Rear Adm. John F. Meier salutes side boys during a change of command for Command Strike Group 10 ain this June, 21, 2016 photo.

TREY FOWLER/U.S. NAVY

By PATRICK VARINE | The Tribune-Review | Published: May 5, 2020

GREENSBURG, Pa. (Tribune Content Agency) — Export, Pa. native and Navy Rear Adm. John Meier was placed in charge of six nuclear-powered aircraft carriers, 54 air squadrons, 1,200 aircraft and 43,000 officers, enlisted and civilian personnel on May 1.

Meier relieved Rear Adm. Roy Kelley during a change-of-command ceremony for the Naval Air Force Atlantic. Kelley, an Ohio native, is retiring after a 36-year military career.

Meier graduated from the U.S. Navy Academy in 1986, and was winged as a naval aviator in 1988. According to his official biography, Meier has participated in operations around the world since Operation Desert Storm, led Southern Partnership Station, and built the crew and culture of the USS Gerald R. Ford — which in 2016 was the Navy’s newest warship — as the aircraft carrier’s first commanding officer.

Adm. Chris Grady, commander for the U.S. Fleet Forces Command, recognized Meier as the right choice to lead.

“(Y)our reputation as an intellectual leader and track record of providing innovative solutions to complex challenges will suit you well,” Grady said. “I am grateful to continue serving with you following your superb time at Naval Warfare Development Command.”

Meier’s remarks focused on the job at hand, the manning, training, and equipping of Naval Air Force Atlantic, but he also spent time talking about the important role each sailor and their families play as it applies to overall readiness.

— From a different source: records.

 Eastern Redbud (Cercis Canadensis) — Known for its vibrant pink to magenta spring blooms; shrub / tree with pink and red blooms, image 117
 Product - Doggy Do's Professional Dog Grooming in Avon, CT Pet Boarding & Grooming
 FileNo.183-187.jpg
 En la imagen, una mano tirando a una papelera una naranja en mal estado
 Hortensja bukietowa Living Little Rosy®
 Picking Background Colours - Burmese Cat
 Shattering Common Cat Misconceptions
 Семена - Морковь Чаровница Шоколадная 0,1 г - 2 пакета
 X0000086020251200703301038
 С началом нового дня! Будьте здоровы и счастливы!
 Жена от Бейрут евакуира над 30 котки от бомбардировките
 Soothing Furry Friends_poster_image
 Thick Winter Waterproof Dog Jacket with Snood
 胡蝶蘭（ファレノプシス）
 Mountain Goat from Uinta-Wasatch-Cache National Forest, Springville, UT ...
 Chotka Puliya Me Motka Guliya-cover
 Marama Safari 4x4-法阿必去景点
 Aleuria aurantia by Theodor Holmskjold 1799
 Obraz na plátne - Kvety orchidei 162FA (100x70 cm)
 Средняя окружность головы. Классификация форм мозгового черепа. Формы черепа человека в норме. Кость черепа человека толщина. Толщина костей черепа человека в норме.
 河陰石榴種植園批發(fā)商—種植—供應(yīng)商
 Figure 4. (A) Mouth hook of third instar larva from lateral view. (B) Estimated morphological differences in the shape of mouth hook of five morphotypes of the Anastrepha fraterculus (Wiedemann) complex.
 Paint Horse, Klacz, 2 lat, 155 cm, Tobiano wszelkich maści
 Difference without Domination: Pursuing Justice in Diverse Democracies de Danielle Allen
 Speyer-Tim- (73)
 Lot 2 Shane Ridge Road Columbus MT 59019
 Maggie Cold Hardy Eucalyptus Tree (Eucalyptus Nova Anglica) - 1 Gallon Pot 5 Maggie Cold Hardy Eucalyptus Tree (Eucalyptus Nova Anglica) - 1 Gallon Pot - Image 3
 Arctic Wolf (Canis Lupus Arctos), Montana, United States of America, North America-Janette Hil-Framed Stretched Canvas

“I am humbled at the faith, confidence and responsibility you have placed with me,” said Meier, who recognized Kelley for his successes while in command. “(Y)ou set the table so well. It is a high honor to relieve you as commander (for the) Naval Air Force Atlantic.”

Meier has accumulated over 4,000 flight hours and logged 675 carrier landings, in addition to commanding one of the world’s largest warships.